About this exercise
Begin with the line containing "living area with beam" and end with the last line of the data below; return those lines exactly, and only those.

[Source data]

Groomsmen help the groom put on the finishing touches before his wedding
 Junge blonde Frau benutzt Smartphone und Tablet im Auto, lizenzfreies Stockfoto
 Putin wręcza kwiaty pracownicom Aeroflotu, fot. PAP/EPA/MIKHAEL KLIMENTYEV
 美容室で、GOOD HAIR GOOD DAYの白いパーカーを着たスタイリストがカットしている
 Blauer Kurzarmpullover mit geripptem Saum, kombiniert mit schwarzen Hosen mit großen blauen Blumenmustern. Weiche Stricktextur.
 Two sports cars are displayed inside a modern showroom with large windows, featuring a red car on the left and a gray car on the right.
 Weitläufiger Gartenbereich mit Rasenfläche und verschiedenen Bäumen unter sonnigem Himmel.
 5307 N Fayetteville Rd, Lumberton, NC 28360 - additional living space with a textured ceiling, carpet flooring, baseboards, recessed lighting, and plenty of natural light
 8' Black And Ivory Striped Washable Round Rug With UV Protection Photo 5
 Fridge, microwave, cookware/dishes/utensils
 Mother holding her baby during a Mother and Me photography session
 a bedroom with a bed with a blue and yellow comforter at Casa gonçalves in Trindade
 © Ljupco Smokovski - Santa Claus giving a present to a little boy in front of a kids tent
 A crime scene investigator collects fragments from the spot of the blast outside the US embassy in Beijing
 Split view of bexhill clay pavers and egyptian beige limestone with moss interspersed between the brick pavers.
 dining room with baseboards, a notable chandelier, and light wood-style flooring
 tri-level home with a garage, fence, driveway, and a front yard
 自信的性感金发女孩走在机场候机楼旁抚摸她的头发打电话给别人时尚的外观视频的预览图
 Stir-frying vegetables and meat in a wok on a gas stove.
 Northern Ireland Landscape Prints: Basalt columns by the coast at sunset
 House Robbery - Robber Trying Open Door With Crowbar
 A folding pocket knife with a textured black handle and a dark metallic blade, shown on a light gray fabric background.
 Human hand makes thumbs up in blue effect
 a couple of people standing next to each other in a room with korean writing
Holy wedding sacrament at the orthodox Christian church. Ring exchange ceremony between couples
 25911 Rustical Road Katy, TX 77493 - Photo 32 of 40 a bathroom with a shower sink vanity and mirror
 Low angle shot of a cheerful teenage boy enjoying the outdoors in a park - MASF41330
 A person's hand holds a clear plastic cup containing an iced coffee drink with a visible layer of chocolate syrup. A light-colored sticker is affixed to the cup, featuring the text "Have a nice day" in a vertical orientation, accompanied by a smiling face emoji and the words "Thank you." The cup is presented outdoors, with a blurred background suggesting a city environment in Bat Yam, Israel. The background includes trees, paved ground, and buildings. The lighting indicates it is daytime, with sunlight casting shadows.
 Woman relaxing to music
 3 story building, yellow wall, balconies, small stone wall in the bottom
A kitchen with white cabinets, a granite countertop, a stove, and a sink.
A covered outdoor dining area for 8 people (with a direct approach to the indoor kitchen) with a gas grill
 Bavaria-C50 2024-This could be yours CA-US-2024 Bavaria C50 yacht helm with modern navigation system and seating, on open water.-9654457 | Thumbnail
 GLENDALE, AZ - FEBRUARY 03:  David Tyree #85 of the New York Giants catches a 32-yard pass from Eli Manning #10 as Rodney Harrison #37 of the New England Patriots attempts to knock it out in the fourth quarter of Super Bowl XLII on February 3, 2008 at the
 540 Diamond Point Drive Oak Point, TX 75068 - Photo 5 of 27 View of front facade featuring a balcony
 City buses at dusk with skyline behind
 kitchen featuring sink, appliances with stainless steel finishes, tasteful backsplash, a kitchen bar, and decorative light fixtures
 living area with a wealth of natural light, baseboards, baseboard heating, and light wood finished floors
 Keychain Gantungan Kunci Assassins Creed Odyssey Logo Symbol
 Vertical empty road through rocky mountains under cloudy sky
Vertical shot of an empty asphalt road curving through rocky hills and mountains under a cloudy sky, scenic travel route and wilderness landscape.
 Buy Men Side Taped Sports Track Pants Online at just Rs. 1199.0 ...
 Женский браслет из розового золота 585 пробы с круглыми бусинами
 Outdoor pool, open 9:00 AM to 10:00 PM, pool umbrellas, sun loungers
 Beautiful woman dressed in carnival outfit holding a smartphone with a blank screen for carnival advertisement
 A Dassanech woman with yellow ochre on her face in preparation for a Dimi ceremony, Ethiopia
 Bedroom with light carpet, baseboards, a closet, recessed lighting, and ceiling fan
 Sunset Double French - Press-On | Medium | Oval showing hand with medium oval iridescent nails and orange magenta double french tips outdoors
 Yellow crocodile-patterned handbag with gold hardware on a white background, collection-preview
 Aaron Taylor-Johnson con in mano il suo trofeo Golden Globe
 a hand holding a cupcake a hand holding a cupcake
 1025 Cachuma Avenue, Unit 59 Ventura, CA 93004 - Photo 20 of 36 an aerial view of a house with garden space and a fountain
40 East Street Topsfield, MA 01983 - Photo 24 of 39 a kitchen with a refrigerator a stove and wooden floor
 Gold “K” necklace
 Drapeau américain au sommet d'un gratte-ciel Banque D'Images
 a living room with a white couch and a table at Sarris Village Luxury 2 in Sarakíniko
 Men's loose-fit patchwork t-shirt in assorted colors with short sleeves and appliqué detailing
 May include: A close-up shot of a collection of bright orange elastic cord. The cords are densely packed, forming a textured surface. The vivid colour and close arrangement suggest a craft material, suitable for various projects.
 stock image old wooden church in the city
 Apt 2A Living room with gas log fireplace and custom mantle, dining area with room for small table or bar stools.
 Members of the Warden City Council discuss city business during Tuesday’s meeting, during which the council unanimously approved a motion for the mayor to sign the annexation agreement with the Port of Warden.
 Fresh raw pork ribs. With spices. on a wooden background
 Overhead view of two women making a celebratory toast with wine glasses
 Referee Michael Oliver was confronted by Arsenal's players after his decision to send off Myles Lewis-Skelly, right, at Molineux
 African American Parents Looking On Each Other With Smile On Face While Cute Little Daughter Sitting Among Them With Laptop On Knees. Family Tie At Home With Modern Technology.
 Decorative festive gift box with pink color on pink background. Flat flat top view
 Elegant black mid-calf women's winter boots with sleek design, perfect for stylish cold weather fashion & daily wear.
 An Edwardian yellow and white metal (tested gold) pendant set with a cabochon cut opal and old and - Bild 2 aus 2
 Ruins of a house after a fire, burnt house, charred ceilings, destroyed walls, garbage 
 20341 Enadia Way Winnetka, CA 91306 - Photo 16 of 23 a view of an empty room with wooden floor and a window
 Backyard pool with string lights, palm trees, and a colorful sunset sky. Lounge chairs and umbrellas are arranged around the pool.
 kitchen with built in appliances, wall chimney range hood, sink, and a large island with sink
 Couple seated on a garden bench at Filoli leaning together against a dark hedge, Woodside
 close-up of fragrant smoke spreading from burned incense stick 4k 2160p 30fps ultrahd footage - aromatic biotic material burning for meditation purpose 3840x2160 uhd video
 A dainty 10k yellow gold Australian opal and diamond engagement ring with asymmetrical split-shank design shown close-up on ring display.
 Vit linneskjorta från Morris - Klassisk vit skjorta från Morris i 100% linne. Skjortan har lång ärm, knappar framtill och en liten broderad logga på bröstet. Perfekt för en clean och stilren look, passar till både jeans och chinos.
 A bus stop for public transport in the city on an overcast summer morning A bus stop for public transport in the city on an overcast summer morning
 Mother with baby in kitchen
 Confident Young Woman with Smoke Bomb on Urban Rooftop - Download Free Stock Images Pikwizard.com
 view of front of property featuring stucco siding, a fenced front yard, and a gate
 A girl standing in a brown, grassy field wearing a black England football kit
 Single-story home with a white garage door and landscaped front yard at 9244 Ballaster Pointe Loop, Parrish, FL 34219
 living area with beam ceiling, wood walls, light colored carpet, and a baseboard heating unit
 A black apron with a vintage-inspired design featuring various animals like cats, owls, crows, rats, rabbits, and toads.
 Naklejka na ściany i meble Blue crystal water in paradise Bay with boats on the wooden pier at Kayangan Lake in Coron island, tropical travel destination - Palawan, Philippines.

Answer space
 living area with beam ceiling, wood walls, light colored carpet, and a baseboard heating unit
 A black apron with a vintage-inspired design featuring various animals like cats, owls, crows, rats, rabbits, and toads.
 Naklejka na ściany i meble Blue crystal water in paradise Bay with boats on the wooden pier at Kayangan Lake in Coron island, tropical travel destination - Palawan, Philippines.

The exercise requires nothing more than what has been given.